Abstract
Organizations now use AI-assisted resume screeners to manage applicant pools that human recruiters cannot review one by one. That change matters most in entry-level hiring, where internships and first jobs shape later access to technical careers. A student may upload a resume expecting a recruiter to read it, while an automated ranking system has already decided whether that resume appears near the top of the shortlist. My thesis portfolio studies that shared problem from two sides: how to audit the ranking behavior of an LLM-assisted screening pipeline, and how institutions govern commercial screening tools after they purchase them. The technical project measures where demographic gaps appear in ranked outputs and tests mitigation strategies. The STS research paper examines how procurement terms, recruiter workflows, and vendor contracts decide who can inspect, challenge, or override those outputs. The projects are coupled because both focus on the same failure point: a ranked list can look efficient to the organization using it while hiding the reasons some qualified candidates never receive attention. Together, the projects ask how hiring systems can preserve efficiency without making fairness invisible to applicants, universities, and recruiters.
The technical report, Auditing the Shortlist: Measuring and Mitigating Demographic Bias in LLM-Assisted, Early-Career Resume Ranking, builds a transparent screening pipeline for software-engineering internship applications. The system scores 112 synthetic resumes across eight demographic groups against a standardized job description and a seven-part qualification rubric. Gemma4-26B-A4B, served locally through an MLX runtime, produces structured scores and decision logs for each candidate. I tested four conditions: a baseline, demographic masking, post-hoc reranking, and a hybrid of masking plus reranking. Every condition reached 1.000 top-15 precision, so every shortlisted candidate met the ground-truth qualification standard. That utility result hid large fairness gaps. The baseline produced a 0.250 false negative rate gap across groups, and masking increased the gap to 0.500. Post-hoc reranking reduced the gap to 0.119 without reducing precision. The result shows that fairness must be measured at the shortlist boundary, where recruiter attention gets allocated. It also shows that a familiar mitigation strategy can fail in a specific model and data setting. In this experiment, masking names, universities, and locations removed some signals while leaving content-level proxies the model still used.

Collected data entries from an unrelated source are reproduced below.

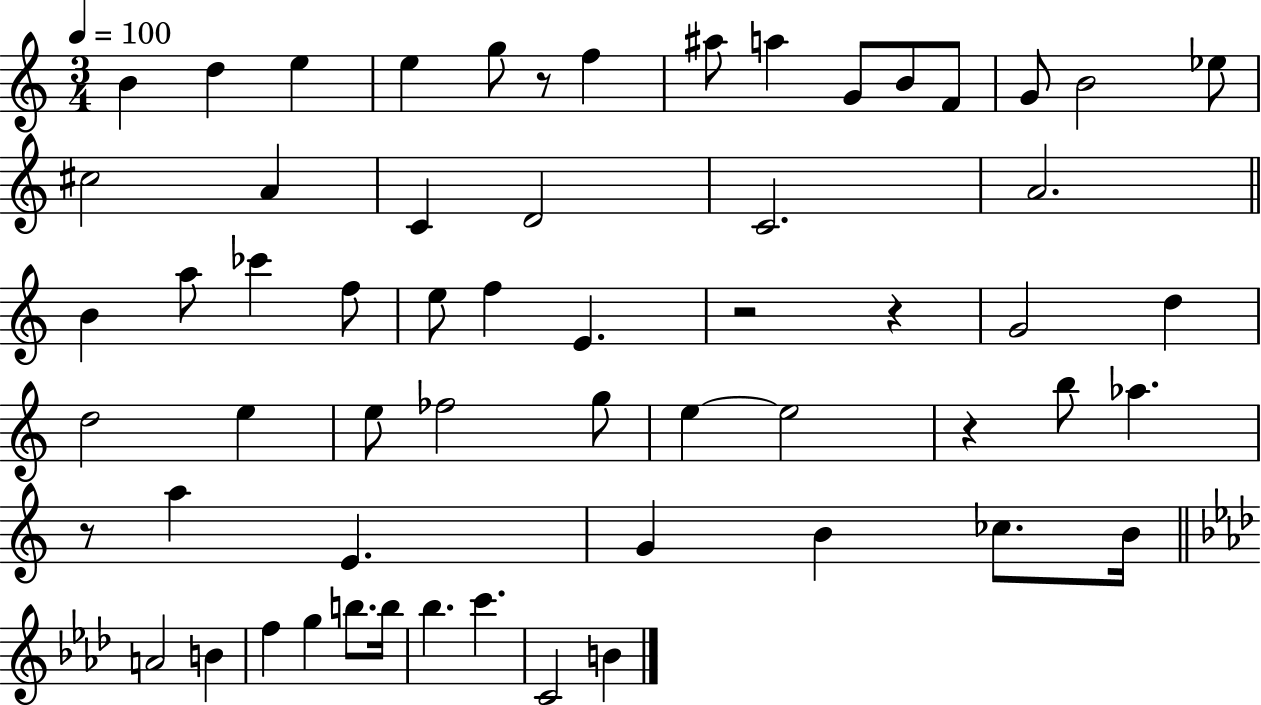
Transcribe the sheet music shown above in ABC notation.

X:1
T:Untitled
M:3/4
L:1/4
K:C
B d e e g/2 z/2 f ^a/2 a G/2 B/2 F/2 G/2 B2 _e/2 ^c2 A C D2 C2 A2 B a/2 _c' f/2 e/2 f E z2 z G2 d d2 e e/2 _f2 g/2 e e2 z b/2 _a z/2 a E G B _c/2 B/4 A2 B f g b/2 b/4 _b c' C2 B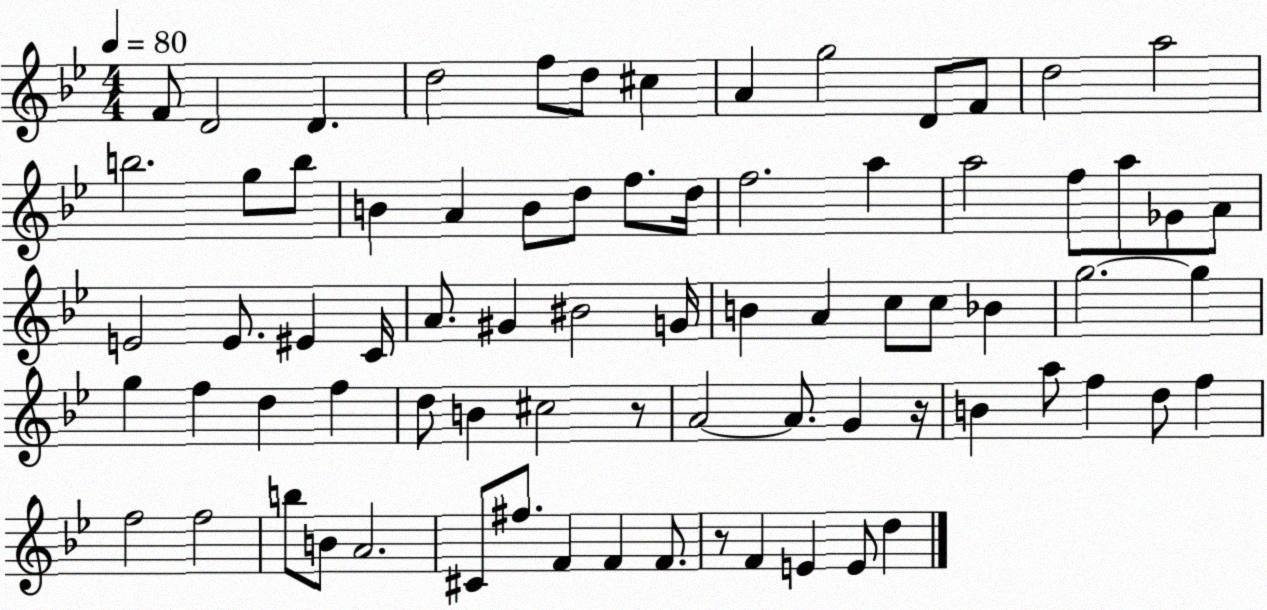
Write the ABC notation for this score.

X:1
T:Untitled
M:4/4
L:1/4
K:Bb
F/2 D2 D d2 f/2 d/2 ^c A g2 D/2 F/2 d2 a2 b2 g/2 b/2 B A B/2 d/2 f/2 d/4 f2 a a2 f/2 a/2 _G/2 A/2 E2 E/2 ^E C/4 A/2 ^G ^B2 G/4 B A c/2 c/2 _B g2 g g f d f d/2 B ^c2 z/2 A2 A/2 G z/4 B a/2 f d/2 f f2 f2 b/2 B/2 A2 ^C/2 ^f/2 F F F/2 z/2 F E E/2 d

The STS research paper, A Sociotechnical Analysis of AI-Assisted Resume Screening in Entry-Level Hiring, studies the governance system around the same kind of tool. I analyzed 23 public documents: 11 university requests for proposals and 12 vendor terms, agreements, and white papers from major hiring-technology providers. I coded each document for merit definitions, audit rights, candidate appeal mechanisms, and liability language. The findings show that universities often ask for speed without demanding accountability. Nine of 11 RFPs requested automated resume parsing, skills matching, or keyword scoring, but none required vendors to validate those scoring criteria against job performance. Only two RFPs requested any audit access. Nine of 12 vendor documents limited or prohibited reverse engineering, no RFP named applicants as stakeholders, and no vendor document provided a meaningful applicant appeal path. Ten vendor documents capped liability, while seven disclaimed responsibility for discriminatory outcomes caused by client use. The paper argues that procurement turns the screener into a black box by giving vendors control over decision logic while leaving universities with legal exposure and applicants with no practical way to challenge a ranking. This matters because transparency by itself would not solve the problem. A university also needs the right to demand data, require changes, and explain decisions to affected applicants.
The portfolio's main contribution is the connection between measurement and authority. The technical project shows that a glass-box audit can reveal bias patterns that ordinary accuracy and precision metrics miss. The STS project shows why that evidence often fails to matter in real hiring systems: institutions may lack the contractual rights to inspect scoring logic, request candidate-level data, or act on audit findings. Future work should join those two requirements at procurement. Universities should define merit in testable terms, require audit access before adoption, provide applicants with explanations and appeal channels, and share liability with vendors whose systems shape hiring outcomes. The next version of this work should scale the technical audit across more job descriptions, model families, and resume datasets, then connect those audit logs to a recruiter interface with appeal and override paths. AI resume screening can help recruiters manage volume, but only if the institutions using it keep authority over the decisions it influences.